Write the data below out again, unchanged.

Data records Block Start

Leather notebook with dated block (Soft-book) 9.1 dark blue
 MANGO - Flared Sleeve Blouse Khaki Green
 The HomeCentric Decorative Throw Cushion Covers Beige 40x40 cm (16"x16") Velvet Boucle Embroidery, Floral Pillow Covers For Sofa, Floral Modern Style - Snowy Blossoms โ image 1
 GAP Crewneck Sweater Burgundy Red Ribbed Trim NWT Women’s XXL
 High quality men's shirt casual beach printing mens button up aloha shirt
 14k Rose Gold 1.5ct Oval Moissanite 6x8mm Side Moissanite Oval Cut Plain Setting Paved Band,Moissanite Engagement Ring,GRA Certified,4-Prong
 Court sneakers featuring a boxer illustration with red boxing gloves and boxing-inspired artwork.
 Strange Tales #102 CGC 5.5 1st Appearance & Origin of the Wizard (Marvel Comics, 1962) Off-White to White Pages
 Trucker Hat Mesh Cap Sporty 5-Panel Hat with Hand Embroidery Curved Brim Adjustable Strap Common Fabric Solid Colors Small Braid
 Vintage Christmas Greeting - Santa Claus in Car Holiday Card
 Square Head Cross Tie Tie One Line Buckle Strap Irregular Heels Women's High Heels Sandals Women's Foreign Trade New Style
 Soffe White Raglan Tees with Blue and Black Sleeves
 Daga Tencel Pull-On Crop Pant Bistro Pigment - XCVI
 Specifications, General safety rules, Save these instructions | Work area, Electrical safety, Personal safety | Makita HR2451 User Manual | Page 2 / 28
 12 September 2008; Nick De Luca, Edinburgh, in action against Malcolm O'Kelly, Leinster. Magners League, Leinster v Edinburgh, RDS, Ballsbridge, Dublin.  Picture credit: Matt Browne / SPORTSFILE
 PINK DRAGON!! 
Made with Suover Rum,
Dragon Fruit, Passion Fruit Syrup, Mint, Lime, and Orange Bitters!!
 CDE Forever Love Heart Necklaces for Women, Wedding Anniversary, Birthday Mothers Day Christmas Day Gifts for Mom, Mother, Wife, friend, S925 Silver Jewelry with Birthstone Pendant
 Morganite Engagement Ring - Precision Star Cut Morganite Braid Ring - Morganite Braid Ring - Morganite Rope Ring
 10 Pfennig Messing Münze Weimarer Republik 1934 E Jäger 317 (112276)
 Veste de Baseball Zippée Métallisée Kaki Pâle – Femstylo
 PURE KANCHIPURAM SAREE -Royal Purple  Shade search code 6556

Data records Block End

Solution to the problem
Leather notebook with dated block (Soft-book) 9.1 dark blue
 MANGO - Flared Sleeve Blouse Khaki Green
 The HomeCentric Decorative Throw Cushion Covers Beige 40x40 cm (16"x16") Velvet Boucle Embroidery, Floral Pillow Covers For Sofa, Floral Modern Style - Snowy Blossoms โ image 1
 GAP Crewneck Sweater Burgundy Red Ribbed Trim NWT Women’s XXL
 High quality men's shirt casual beach printing mens button up aloha shirt
 14k Rose Gold 1.5ct Oval Moissanite 6x8mm Side Moissanite Oval Cut Plain Setting Paved Band,Moissanite Engagement Ring,GRA Certified,4-Prong
 Court sneakers featuring a boxer illustration with red boxing gloves and boxing-inspired artwork.
 Strange Tales #102 CGC 5.5 1st Appearance & Origin of the Wizard (Marvel Comics, 1962) Off-White to White Pages
 Trucker Hat Mesh Cap Sporty 5-Panel Hat with Hand Embroidery Curved Brim Adjustable Strap Common Fabric Solid Colors Small Braid
 Vintage Christmas Greeting - Santa Claus in Car Holiday Card
 Square Head Cross Tie Tie One Line Buckle Strap Irregular Heels Women's High Heels Sandals Women's Foreign Trade New Style
 Soffe White Raglan Tees with Blue and Black Sleeves
 Daga Tencel Pull-On Crop Pant Bistro Pigment - XCVI
 Specifications, General safety rules, Save these instructions | Work area, Electrical safety, Personal safety | Makita HR2451 User Manual | Page 2 / 28
 12 September 2008; Nick De Luca, Edinburgh, in action against Malcolm O'Kelly, Leinster. Magners League, Leinster v Edinburgh, RDS, Ballsbridge, Dublin.  Picture credit: Matt Browne / SPORTSFILE
 PINK DRAGON!! 
Made with Suover Rum,
Dragon Fruit, Passion Fruit Syrup, Mint, Lime, and Orange Bitters!!
 CDE Forever Love Heart Necklaces for Women, Wedding Anniversary, Birthday Mothers Day Christmas Day Gifts for Mom, Mother, Wife, friend, S925 Silver Jewelry with Birthstone Pendant
 Morganite Engagement Ring - Precision Star Cut Morganite Braid Ring - Morganite Braid Ring - Morganite Rope Ring
 10 Pfennig Messing Münze Weimarer Republik 1934 E Jäger 317 (112276)
 Veste de Baseball Zippée Métallisée Kaki Pâle – Femstylo
 PURE KANCHIPURAM SAREE -Royal Purple  Shade search code 6556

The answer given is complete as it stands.